Which brings me back to those fenders: so what that they add a couple of pounds to my bike? I’ve already drunk the Fred Kool-Aid, plus they keep grime off of me and most of my bike. It’s just one more chore to take them off and put them back on.
However if you’re using road tubeless tires those fenders actually come in handy. If you have a puncture, all that sealant doesn’t get flung all over you and the rear of your bike. In a momentary brain infarct I decided to remove the fenders anyway. Maybe I was thinking I’d go faster and make up for my lack of conditioning. Maybe I was engaged in magical thinking—I’ve come to realize that that’s most of the time—and thought that I just wouldn’t need them with a dry summer ahead. In any case taking off the fenders was not laborious although it did induce me to spend more time than I wanted or should have cleaning the bike after this wet winter. The next day Roger and I went out for a really nice ride—perfect weather—and when I got home I noticed the entire rear of the bike was coated in dried sealant. I’m not talking about a little sealant, I’m talking about so much sealant that it dripped to the bottom bracket and formed a hanging booger underneath. I was half tempted to say oh-f**k-it and in frustration just leave it a mess. But after cleaning the bike the day before, damned if I was going to let that shit stay there. I checked the tire to make sure it wasn’t a really bad puncture (tire plug time?). The tire was actually quite hard and when I checked the pressure it was down only a few pounds. Whoa, all that sealant got out and the pressure was still really good! Definitely a plus. Inspecting the tire I couldn’t find the puncture—a mystery. Usually there is sealant dried around the puncture but apparently just riding along scraped away the remains on the outside.
What are my thoughts on road tubeless now? As you know I’ve learned using road tubeless tires is not without negatives. It’s not quite obvious that they can be messy—messy to set up and messy if you have a puncture.
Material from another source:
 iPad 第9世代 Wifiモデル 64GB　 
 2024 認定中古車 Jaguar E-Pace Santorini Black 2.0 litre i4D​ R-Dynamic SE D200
If you’re fastidious in your bike maintenance, you’ll potentially find that the time and convenience you’ve saved in not having to fix flats and repair tubes either by the side of the road or at home is somewhat offset by any cleaning up you’ll encounter as a result of a puncture. If you don’t care how your bike looks, then sealant muck on your bike will just blend in with all the other wheel spray you’re letting fester there and road tubeless will definitely a big plus. But if you like a clean rig, you’re going to find some of that saved time offset by wiping sealant spray off your bike. Mind you, it goes everywhere.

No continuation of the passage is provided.